• **Exercise description**
Search the listing for the string "Vintage". Copy every line that has it.
=== Material for this exercise ===
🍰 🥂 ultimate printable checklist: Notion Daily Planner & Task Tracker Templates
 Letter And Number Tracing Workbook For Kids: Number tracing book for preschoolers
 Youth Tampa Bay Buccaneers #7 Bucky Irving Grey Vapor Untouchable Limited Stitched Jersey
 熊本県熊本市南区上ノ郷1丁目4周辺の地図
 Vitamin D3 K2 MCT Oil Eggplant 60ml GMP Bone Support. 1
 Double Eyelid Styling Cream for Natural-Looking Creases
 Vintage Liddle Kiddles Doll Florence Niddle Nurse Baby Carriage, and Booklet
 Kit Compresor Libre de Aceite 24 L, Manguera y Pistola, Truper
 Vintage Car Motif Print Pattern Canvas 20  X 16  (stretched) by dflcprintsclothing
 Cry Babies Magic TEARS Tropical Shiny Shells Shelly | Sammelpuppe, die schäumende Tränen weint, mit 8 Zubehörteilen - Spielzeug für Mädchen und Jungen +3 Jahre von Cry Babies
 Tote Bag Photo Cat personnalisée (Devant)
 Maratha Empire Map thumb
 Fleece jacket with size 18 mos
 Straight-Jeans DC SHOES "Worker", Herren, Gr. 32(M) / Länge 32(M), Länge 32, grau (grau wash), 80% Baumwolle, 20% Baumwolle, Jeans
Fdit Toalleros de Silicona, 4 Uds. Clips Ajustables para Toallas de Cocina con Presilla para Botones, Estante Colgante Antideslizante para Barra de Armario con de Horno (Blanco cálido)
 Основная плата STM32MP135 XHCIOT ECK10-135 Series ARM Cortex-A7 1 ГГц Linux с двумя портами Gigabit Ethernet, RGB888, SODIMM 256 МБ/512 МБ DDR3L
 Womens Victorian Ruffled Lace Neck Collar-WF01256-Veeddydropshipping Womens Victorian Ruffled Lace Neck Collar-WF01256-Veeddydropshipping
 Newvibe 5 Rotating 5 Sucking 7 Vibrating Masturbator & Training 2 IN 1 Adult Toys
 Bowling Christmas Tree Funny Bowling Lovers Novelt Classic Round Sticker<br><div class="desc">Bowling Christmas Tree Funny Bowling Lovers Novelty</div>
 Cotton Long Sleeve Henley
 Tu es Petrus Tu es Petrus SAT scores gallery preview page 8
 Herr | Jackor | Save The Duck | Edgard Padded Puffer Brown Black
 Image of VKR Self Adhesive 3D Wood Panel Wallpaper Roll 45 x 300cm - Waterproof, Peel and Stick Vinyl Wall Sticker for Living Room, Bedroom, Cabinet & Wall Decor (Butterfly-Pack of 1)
===
• **Solution for this task**
 Vintage Liddle Kiddles Doll Florence Niddle Nurse Baby Carriage, and Booklet
 Vintage Car Motif Print Pattern Canvas 20  X 16  (stretched) by dflcprintsclothing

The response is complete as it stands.